Окрашивание клеточных культур и ЯСК костного мозга проводили с помощью флуорохрома Hoechst (Sigma, США) в концентрации 1 мкг/мл. Для обнаружения меченых клеток часть животных в каждой экспериментальной группе выводили из эксперимента через 20 суток, данный срок был обусловлен длительностью функционирования метки. Идентификацию окрашенных клеток осуществляли после ферментативной обработки миокарда смесью трипсин-кол-лагеназы (Sigma, США). Меченые клетки выявляли с помощью флуоресцентного микроскопа «Axioscop» (Zeiss, Германия).

4. Определение размера экспериментального инфаркта миокарда и дилатации левого желудочка

Для определения размера инфаркта миокарда в эксперименте использовали методику окрашивания 1,3,5-трифе-нилтетразолием хлоридом (ТТС), позволяющую на макроскопическом уровне отграничить необратимо поврежденную ткань миокарда от ткани, сохранившей жизнеспособность.

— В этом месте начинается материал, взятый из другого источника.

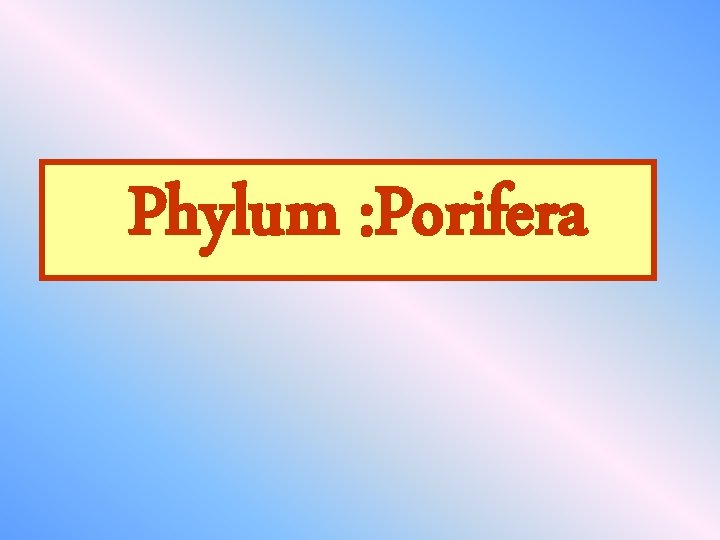 Phylum : Porifera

У животных сразу после эвтаназии (через 12 месяцев после трансплантации клеток) извлекали сердце, промывали физиологическим раствором и разрезали в поперечном направлении с помощью специального устройства на 3 сегмента одинаковой толщины (рис. 3), плегический раствор не использовали, так как сердце во всех группах эксперимента подвергалось равнозначной контракции. Затем срезы помещали в 1% раствор ТТС (ICN, США), окрашивающий жизнеспособный миокард с сохраненной активностью НАД-зависимых ферментов в ярко-красный (кирпичный) цвет, и инкубировали в течение 15 минут при температуре 37°C и рН 7,4. Окрашенные срезы миокарда фотографировали с базальной поверхности цифровой камерой Olimpus 2020. Общую площадь рубца вычисляли по трем срезам и представляли в процентном отношении от площади среза.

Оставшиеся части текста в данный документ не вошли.